- **TASK DESCRIPTION**
In your copy, drop the images and return each record exactly as it stands.

- **RECORDS TO USE**
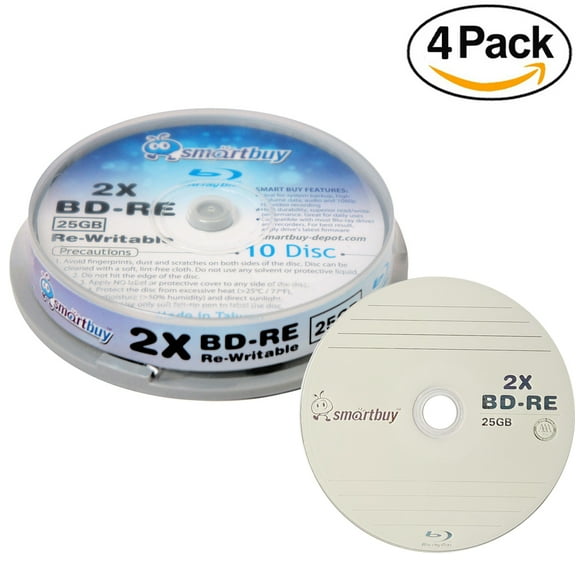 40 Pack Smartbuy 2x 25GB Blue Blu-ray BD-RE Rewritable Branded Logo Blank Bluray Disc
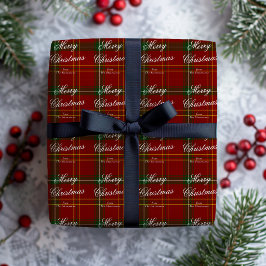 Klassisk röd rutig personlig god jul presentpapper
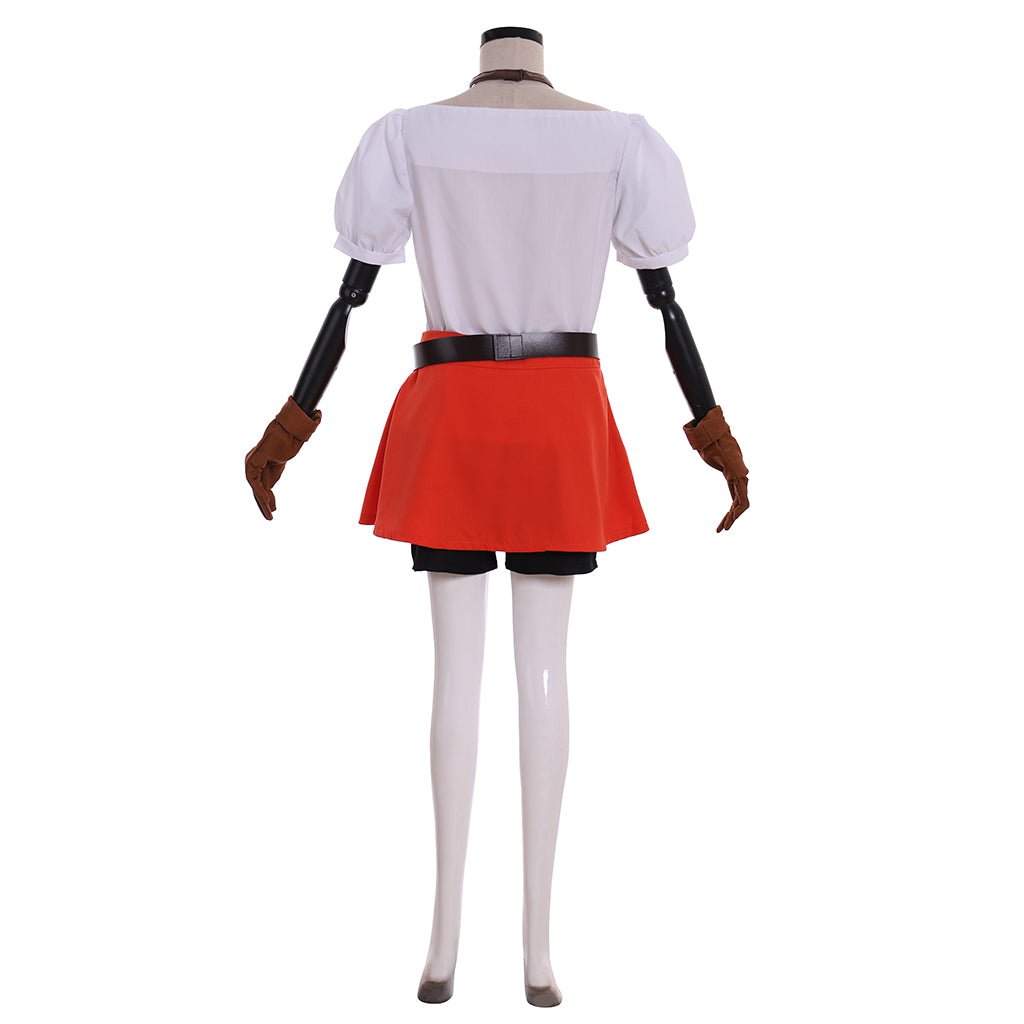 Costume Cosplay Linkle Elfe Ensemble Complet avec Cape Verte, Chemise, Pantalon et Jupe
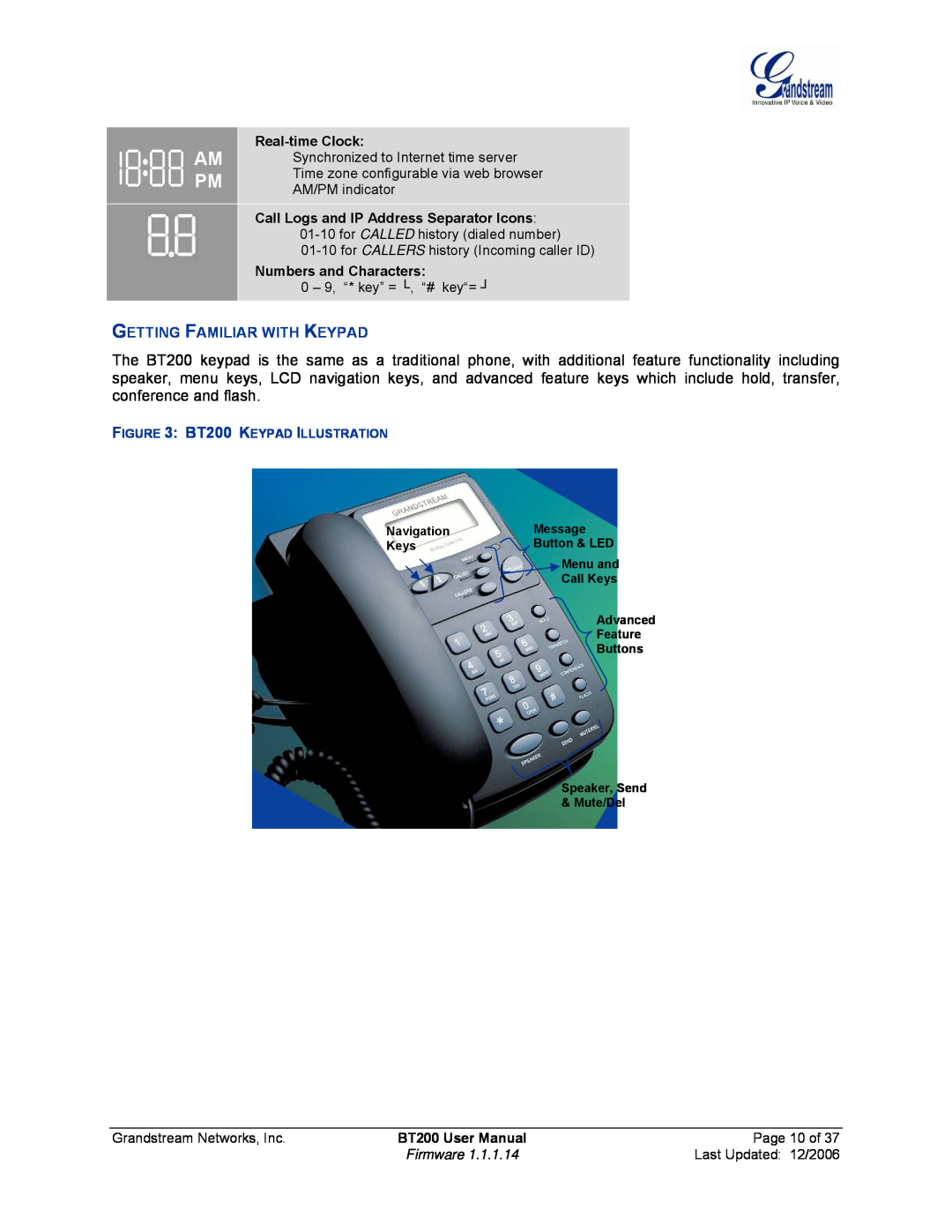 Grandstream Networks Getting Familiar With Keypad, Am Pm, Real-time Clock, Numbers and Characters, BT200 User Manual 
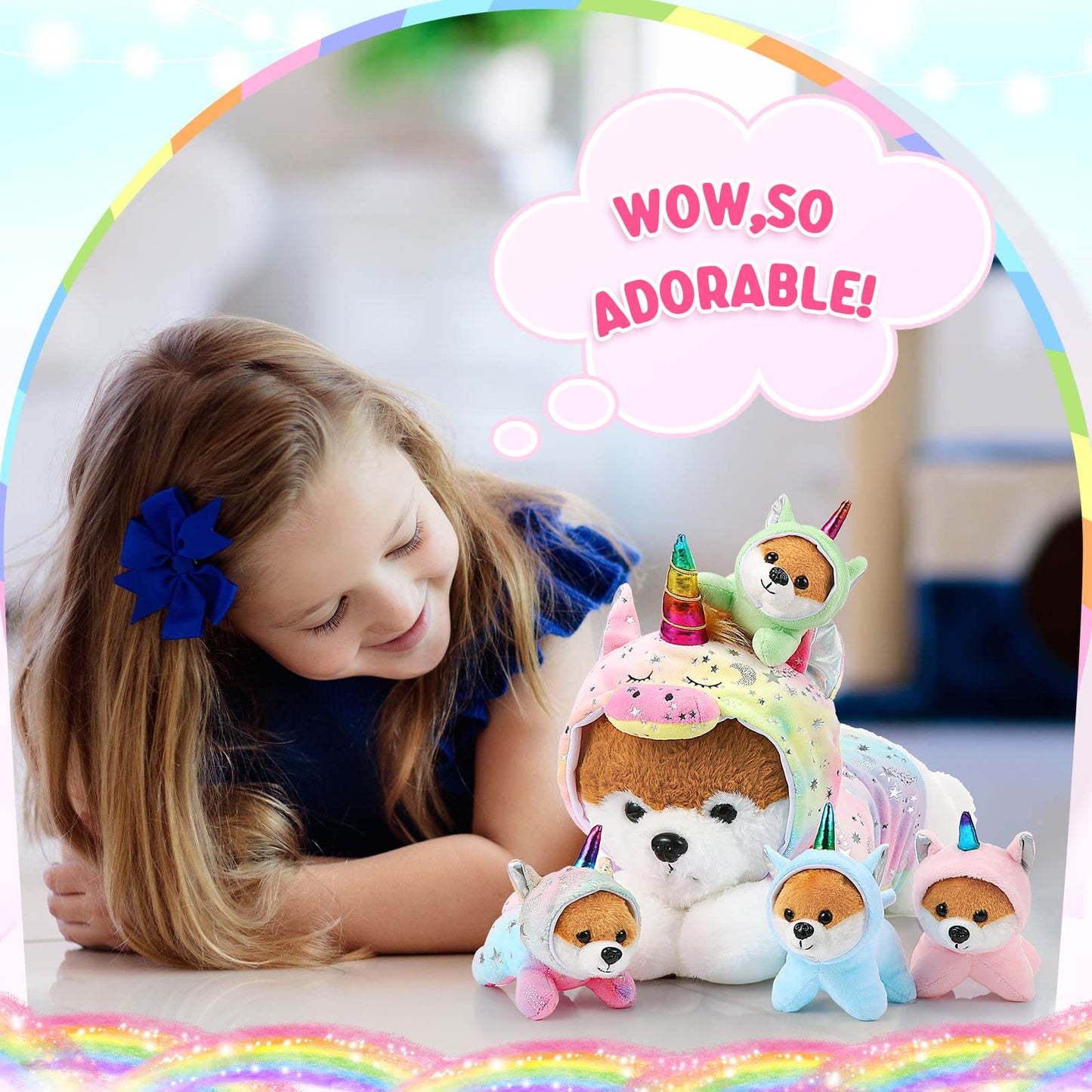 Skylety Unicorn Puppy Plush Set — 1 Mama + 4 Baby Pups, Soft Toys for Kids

- **TASK OUTPUT**
 40 Pack Smartbuy 2x 25GB Blue Blu-ray BD-RE Rewritable Branded Logo Blank Bluray Disc
 Klassisk röd rutig personlig god jul presentpapper
 Costume Cosplay Linkle Elfe Ensemble Complet avec Cape Verte, Chemise, Pantalon et Jupe
 Grandstream Networks Getting Familiar With Keypad, Am Pm, Real-time Clock, Numbers and Characters, BT200 User Manual 
 Skylety Unicorn Puppy Plush Set — 1 Mama + 4 Baby Pups, Soft Toys for Kids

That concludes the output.